We found the office easily enough near Andelin Metro. Behind a locked gate on the fourth floor we stepped into the pages of "Good Soldier Švejk". Jaromir's request was clearly the most exotic transaction in recent history. The guards took him inside where he was examined by several officers. I was seated in the hall, and the gatekeeper with the red armband came by every few minutes, I guess to make sure I wasn't trafficking in any State secrets. "At last," Jaromir said, "they have a real American behind bars." That said, everyone was very nice, and in the end they agreed to put their stamp of approval on a text composed by Jaromir for a fee of 100 Kc.

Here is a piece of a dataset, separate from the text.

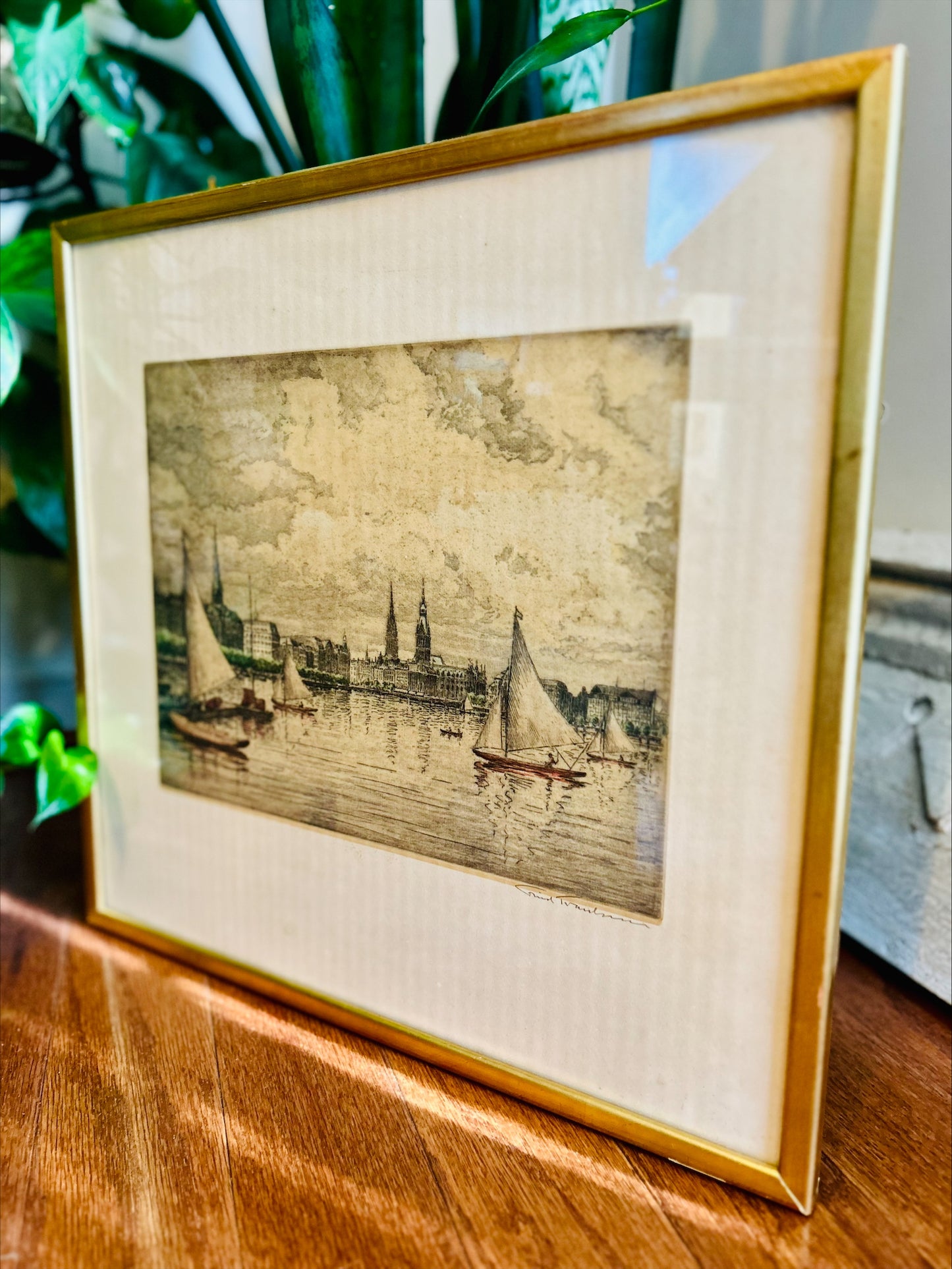 Vintage Signed Lithograph -"Hamburg Binnenalster" by Friedrich Traulsen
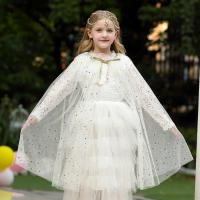 Capa de disfraz de princesa para niña, accesorios de fiesta, Blancanieves, Elsa, Anna, Rapunzel, Aurora, lentejuelas, tul, Halloween - details 22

But payment has to be made with a stamp, available only at a certain desk in a nearby post office, where a sign indicated that stamps were only available in units of 400 Kc. However the people waiting in line encouraged him to ask anyway. When he mentioned that the sign said he couldn't buy a stamp for less than 400 Kc, the clerk asked if he wanted a receipt, and then shuffled away to write one up even though he said "no".

Our other big score that day was a set of detailed military maps for my route through southern Morava and southern Bohemia (I still have them, 21 years later). That evening we had dinner with Honza who, as it turned out, was willing and able to spend a week biking across the Czech Republic with me.

"Tati" (Jaromir's father) met us at the bus station with his bicycle, looking a little heavier but in robust health. We loaded the big suitcase on the bike and walked it home together. Kadaň, a pretty medieval town to begin with, was already in the middle of major reconstruction during our last visit. But this time there were many more freshly replastered and repainted buildings. Everywhere construction crews were busy uncovering one sparkling architectural gem after another, hidden under 45 years of Soviet severity, and there were dozens of new shops and restaurants. Most surprising for me was that since our last visit the Gypsy community had somehow been relocated far from the historic district. I don't understand how this could happen in the country where even death does not release the landlord from his tenants' absolute rights to occupy an apartment. But now all the Gypsies lived in new "panelky" on the edge of town, and the little white children were playing on the green in front of the baraky where Czechs once detoured around on their way downtown.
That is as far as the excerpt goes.